Member of the National Assembly for Meurthe-et-Moselle's 3rd constituency
- Incumbent
- Assumed office 22 June 2022
- Preceded by: Xavier Paluszkiewicz

Personal details
- Born: 22 June 1956 (age 68) Mont-Saint-Martin, Meurthe-et-Moselle, France
- Political party: La France Insoumise

= Martine Étienne =

French politician (born 1956)

Martine Étienne (/fr/; born 22 June 1956) is a French politician from La France Insoumise. She was elected as the Member of Parliament for Meurthe-et-Moselle's 3rd constituency in the 2022 French legislative election.

== Biography ==
Born in Mont-Saint-Martin (Meurthe-et-Moselle), Martine Étienne began her career as a letter carrier with the PTT in 1977, before becoming a counter clerk.

At the same time, she became a union member and shop steward with the FAPT-CGT.

=== Political career ===
Martine Étienne grew up in a highly politicized family, close to the French Communist Party (PCF).

She made the transition from trade unionism to political life in 1995, when she became Longwy town councillor.

During her second term as town councillor, Jean-Paul Durieux resigned as mayor of Longwy on June 23, 2006, and Jean-Marc Fournel was elected to succeed him.
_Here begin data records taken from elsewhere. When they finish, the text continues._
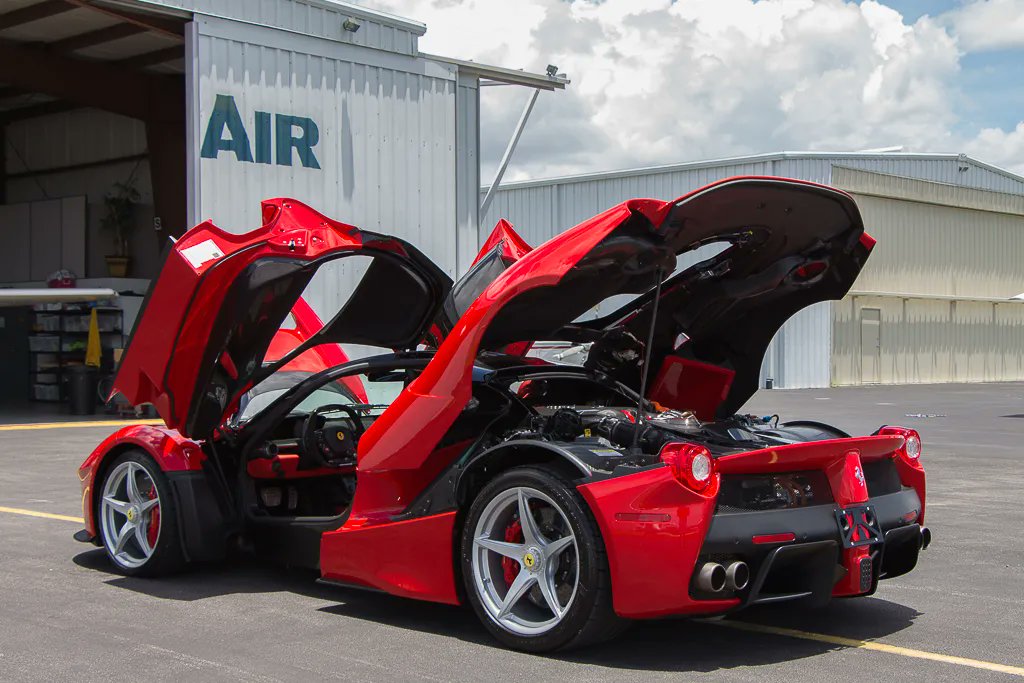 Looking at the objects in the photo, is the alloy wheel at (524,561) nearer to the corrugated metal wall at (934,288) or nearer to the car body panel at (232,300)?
the car body panel at (232,300)

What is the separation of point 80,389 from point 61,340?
4391mm

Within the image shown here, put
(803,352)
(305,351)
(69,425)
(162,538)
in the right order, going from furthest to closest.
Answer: (803,352)
(69,425)
(305,351)
(162,538)

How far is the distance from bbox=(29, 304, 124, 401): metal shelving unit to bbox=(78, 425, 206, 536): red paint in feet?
64.3

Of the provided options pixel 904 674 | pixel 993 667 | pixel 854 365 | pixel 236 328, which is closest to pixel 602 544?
pixel 904 674

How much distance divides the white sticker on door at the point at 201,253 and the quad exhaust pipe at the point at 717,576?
2.87m

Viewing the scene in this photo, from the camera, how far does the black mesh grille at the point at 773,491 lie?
15.4 feet

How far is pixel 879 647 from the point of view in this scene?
16.3ft

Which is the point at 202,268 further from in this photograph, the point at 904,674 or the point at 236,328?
the point at 904,674

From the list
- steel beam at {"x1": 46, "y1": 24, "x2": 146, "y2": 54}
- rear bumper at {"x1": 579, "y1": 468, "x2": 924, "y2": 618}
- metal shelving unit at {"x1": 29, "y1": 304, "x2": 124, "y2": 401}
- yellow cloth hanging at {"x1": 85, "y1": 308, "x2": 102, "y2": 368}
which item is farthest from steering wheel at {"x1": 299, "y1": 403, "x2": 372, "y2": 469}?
metal shelving unit at {"x1": 29, "y1": 304, "x2": 124, "y2": 401}

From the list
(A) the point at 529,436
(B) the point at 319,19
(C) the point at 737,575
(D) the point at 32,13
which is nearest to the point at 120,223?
(D) the point at 32,13

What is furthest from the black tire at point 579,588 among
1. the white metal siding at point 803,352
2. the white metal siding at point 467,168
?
the white metal siding at point 803,352

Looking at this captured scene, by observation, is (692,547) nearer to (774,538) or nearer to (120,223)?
(774,538)

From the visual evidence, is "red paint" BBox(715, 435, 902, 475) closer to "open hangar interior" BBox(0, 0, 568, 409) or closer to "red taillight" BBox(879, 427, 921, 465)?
"red taillight" BBox(879, 427, 921, 465)

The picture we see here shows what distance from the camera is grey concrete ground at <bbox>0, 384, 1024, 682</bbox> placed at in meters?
4.64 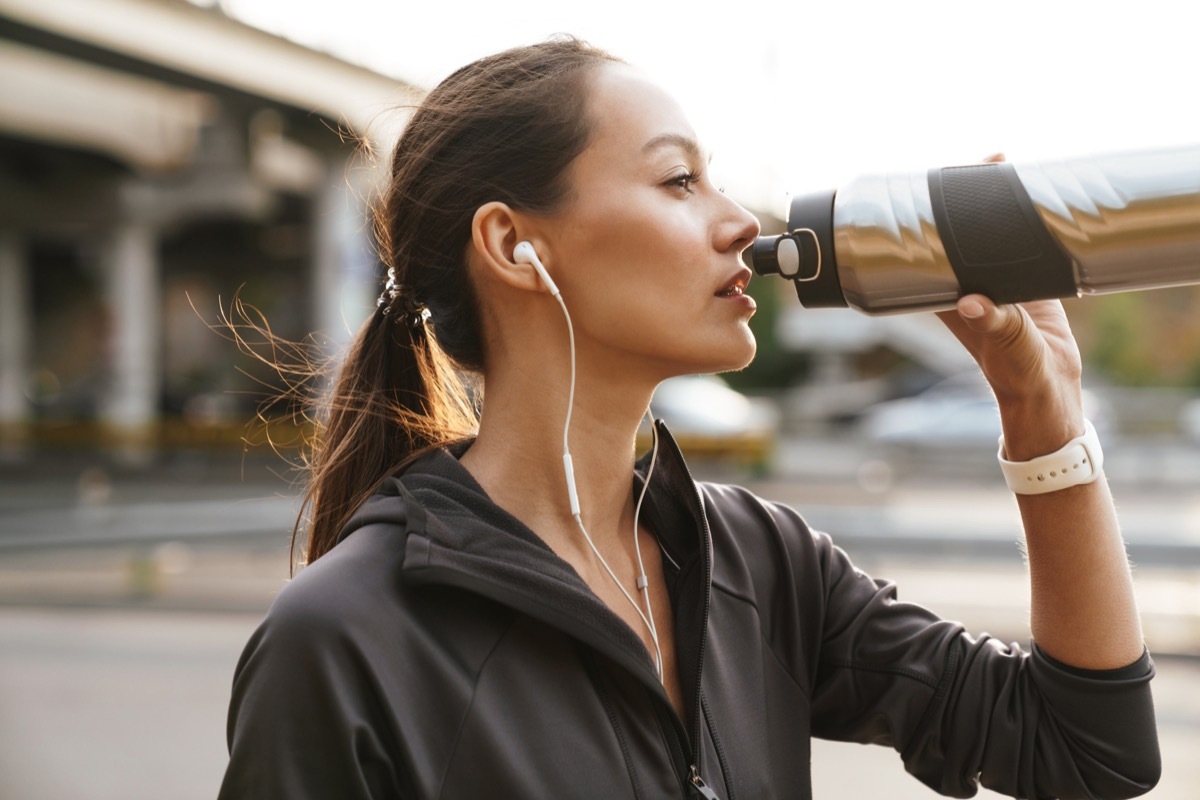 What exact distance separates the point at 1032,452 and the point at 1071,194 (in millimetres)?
382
Following this election, Martine Étienne was appointed deputy mayor, with responsibility for housing and habitat.

At the same time, she became involved with the Attac association. In the 2008 cantonal elections, Martine Étienne ran as a left-wing candidate in the Longwy canton. She received 460 votes, or 11.34% of the total.

Following the 2014 and 2020 municipal elections, Martine Étienne was elected 2nd Deputy Mayor of Longwy, responsible for urban planning and housing. This election took place on July 7, when outgoing Socialist mayor Jean-Marc Fournel was re-elected.

For the 2021 regional elections in the Grand Est region, she is ranked 14th in the Meurthe-et-Moselle departmental section on the Appel inédit list, launched by Aurélie Filippetti. The list won 8.64% of the votes cast, but did not win any regional seats.